Dendron-functionalized perylene diimides with carrier-transporting ability for red luminescent materials

This paper presents a series of dendrimers via a convergent synthetic approach with three generations, which contain perylene diimide cores, Fréchet-type poly(aryl ether) dendrons, and carbazole (CZ) or oxadiazole (OXZ) peripheral functional groups. The higher generation dendrimer has an obvious site-isolation or dilution effect of dendrons, which results in a relatively small red-shift of absorption and emission spectra when it forms a solid thin film for applications. The interactions between peripheral units and perylene diimide core in the dendrimers are also studied by steady-state and time-resolved fluorescence spectra under both direct and indirect excitation. The fluorescence data show that there exist two possible mechanisms, Förster energy transfer (FRET) and photo-induced electron transfer (PET), for dendrimers bearing carbazole units. No enhanced core fluorescence is observed because the energy transfer or light-harvesting potential of peripheral carbazole is counteracted by PET. While for dendrimers bearing oxadiazole units, no PET can take place between OXZ and perylene diimide since both of them are high electron affinity.
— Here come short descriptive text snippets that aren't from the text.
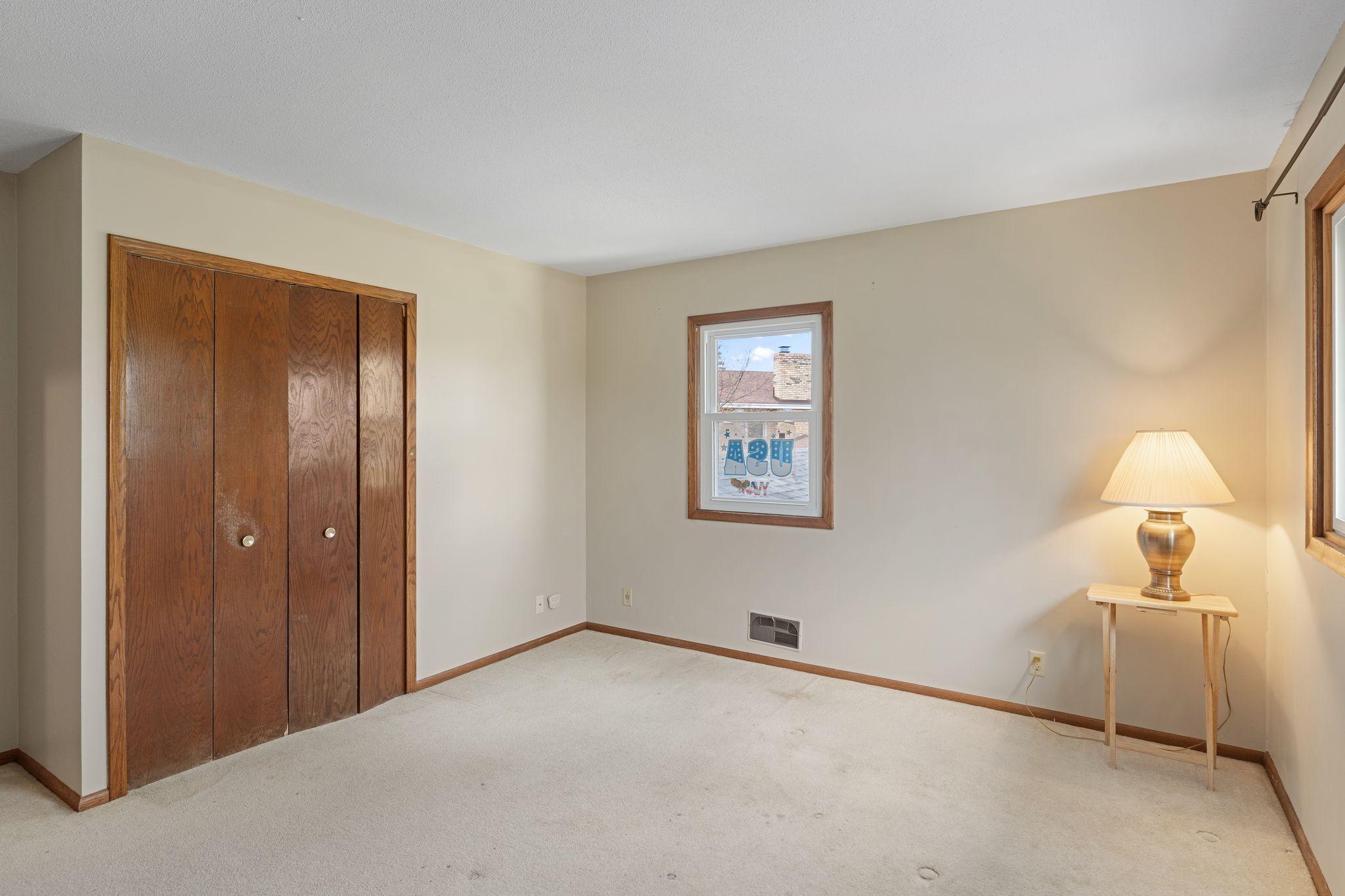 9908 Oxborough Road Property Photo 23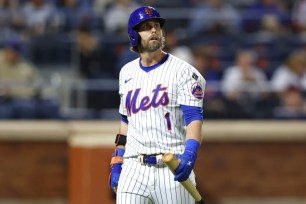 Jeff McNeil strikes out in the seventh inning as a pinch hitter in the Mets' 4-2 loss to the Marlins.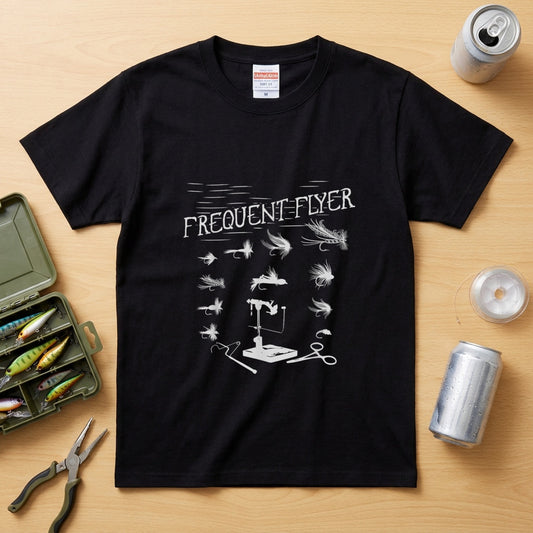 【FREQUENT FLYER】フライタイイング（毛鉤巻き）ツール黒Tシャツ | CASTMODE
The FRET and higher light-harvesting ability of oxadiazole without PET interfering result in the distinct enhancement of core emission in higher generation dendrimers. DSC results indicate that the incorporation of Fréchet-type poly(aryl ether) dendrons can improve the amorphous property and increase glass transition temperature (Tg). The preliminary EL results with single-layer architectures demonstrate that these dendrimers could be utilized as a promising kind of active red luminescent emitters with carrier-transporting ability. EL emission has the same recombination zone as PL, indicating that the recombination of excitons in fabricated EL devices is not close to cathode or anode vicinity. It is suggested that the site-isolation effect of dendron wedges is attributed to prevent the core luminorphores from approaching electrodes efficiently.